## Directions
Return the lines that run from the beginning of the entries to the line holding "Schauspiel Stuttgart Bildmarke", inclusive, and drop the pictures.

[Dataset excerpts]
•••••
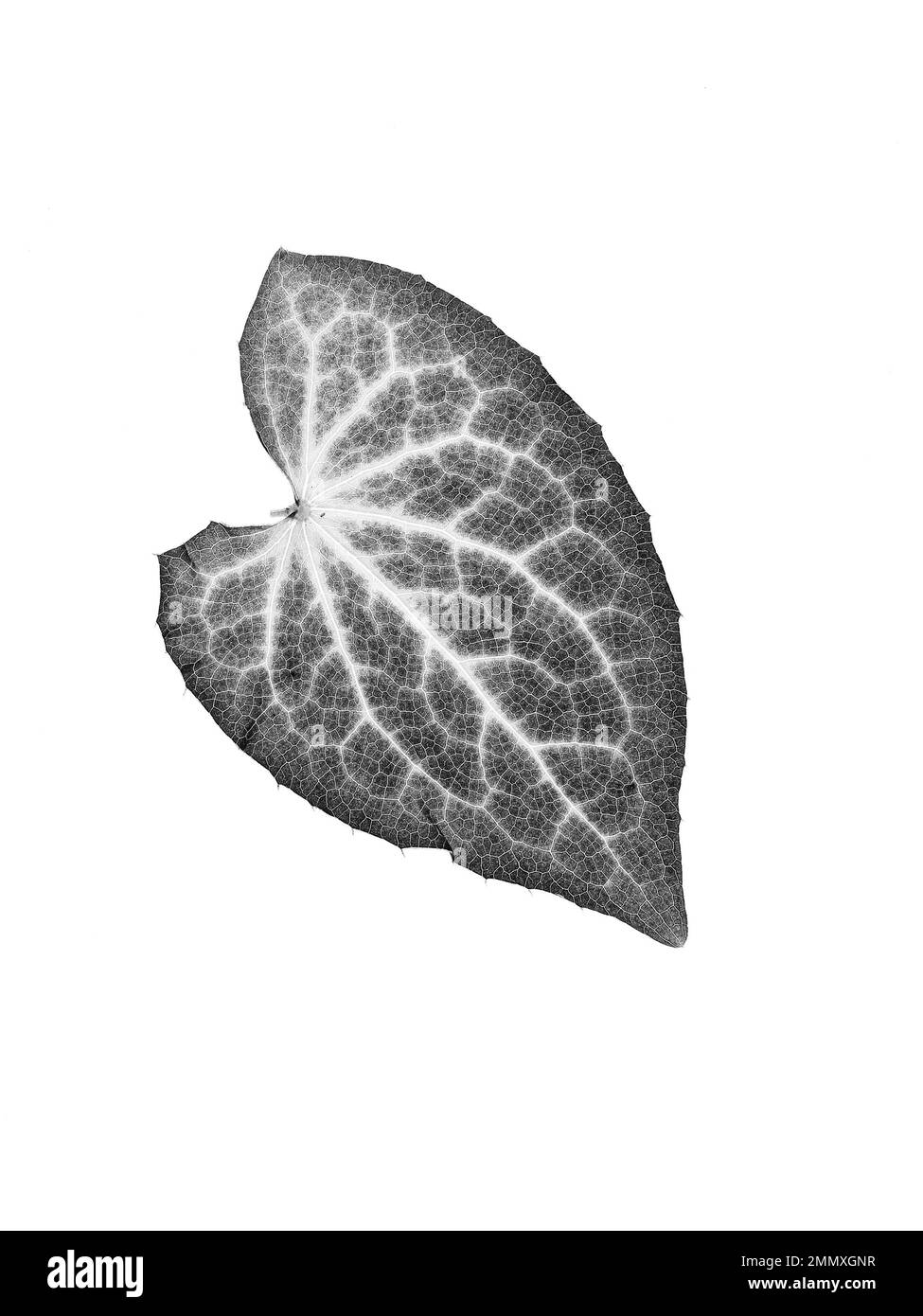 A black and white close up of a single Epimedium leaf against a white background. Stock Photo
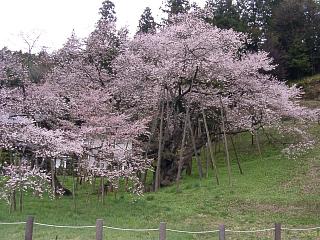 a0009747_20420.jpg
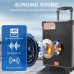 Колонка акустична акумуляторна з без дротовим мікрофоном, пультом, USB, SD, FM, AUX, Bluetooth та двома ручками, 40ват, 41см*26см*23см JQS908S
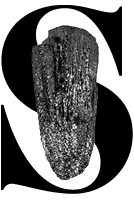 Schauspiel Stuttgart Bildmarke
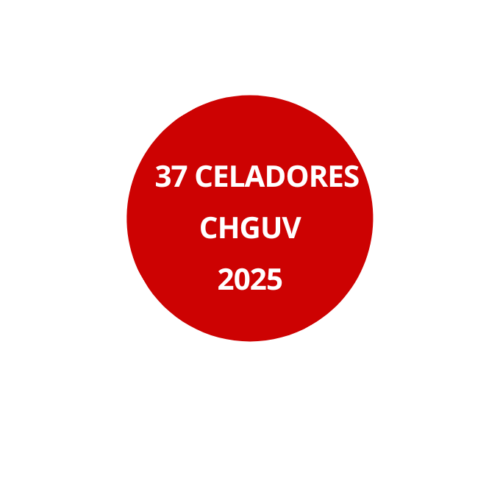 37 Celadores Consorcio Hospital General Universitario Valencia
•••••
## Written answer
 A black and white close up of a single Epimedium leaf against a white background. Stock Photo
 a0009747_20420.jpg
 Колонка акустична акумуляторна з без дротовим мікрофоном, пультом, USB, SD, FM, AUX, Bluetooth та двома ручками, 40ват, 41см*26см*23см JQS908S
 Schauspiel Stuttgart Bildmarke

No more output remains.